*WHAT YOU SHOULD DO*. Locate the word "https" in the data below, then copy every line that holds it.

*SUPPLIED ENTRIES*.
###
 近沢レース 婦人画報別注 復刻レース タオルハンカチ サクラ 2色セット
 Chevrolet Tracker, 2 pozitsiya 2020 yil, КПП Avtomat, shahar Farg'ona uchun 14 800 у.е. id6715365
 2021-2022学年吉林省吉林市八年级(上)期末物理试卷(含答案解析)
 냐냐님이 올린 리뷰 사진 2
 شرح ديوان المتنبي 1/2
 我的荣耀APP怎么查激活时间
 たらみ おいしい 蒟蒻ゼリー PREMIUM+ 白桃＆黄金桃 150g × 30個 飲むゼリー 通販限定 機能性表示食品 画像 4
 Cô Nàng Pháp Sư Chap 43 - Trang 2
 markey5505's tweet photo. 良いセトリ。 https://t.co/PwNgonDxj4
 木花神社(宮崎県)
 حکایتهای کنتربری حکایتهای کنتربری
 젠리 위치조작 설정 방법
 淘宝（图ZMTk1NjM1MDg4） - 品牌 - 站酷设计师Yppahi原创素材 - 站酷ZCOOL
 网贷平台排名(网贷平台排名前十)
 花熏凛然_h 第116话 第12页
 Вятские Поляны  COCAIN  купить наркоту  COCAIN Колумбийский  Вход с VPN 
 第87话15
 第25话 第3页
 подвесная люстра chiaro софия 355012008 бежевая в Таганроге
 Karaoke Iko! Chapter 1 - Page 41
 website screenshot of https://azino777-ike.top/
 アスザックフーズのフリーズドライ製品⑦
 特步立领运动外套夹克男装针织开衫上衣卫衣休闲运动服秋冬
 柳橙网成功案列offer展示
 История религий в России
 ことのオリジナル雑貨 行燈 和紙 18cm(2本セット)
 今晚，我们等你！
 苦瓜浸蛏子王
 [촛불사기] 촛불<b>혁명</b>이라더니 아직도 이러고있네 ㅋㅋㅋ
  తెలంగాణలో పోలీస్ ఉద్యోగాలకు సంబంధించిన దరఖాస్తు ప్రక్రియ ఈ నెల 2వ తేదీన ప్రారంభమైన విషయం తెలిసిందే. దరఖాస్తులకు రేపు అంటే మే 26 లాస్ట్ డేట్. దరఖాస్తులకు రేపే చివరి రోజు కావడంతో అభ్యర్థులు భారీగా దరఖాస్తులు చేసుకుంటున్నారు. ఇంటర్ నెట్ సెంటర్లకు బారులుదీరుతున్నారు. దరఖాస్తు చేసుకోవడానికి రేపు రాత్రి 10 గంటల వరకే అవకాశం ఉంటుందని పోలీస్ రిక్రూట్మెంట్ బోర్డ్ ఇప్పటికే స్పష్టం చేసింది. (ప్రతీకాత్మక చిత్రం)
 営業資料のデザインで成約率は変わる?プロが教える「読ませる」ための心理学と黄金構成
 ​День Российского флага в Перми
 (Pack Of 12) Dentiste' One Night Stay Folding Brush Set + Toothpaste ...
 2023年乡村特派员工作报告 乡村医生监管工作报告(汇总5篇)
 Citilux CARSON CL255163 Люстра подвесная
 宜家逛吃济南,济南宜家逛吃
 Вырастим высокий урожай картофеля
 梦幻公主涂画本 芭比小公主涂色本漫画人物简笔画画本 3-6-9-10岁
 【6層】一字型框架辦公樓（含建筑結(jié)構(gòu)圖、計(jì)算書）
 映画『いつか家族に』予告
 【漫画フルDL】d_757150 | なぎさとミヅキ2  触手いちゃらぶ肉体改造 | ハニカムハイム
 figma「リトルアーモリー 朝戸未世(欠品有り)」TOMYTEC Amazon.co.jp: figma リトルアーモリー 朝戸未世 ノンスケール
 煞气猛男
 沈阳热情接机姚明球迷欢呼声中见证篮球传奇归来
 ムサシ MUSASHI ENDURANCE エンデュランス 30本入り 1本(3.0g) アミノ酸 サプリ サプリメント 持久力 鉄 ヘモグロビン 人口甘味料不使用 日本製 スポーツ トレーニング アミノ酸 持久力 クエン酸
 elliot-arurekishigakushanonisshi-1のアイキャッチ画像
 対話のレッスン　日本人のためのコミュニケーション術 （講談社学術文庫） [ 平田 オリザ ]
###
*REPLY TO THE TASK*.
 markey5505's tweet photo. 良いセトリ。 https://t.co/PwNgonDxj4
 website screenshot of https://azino777-ike.top/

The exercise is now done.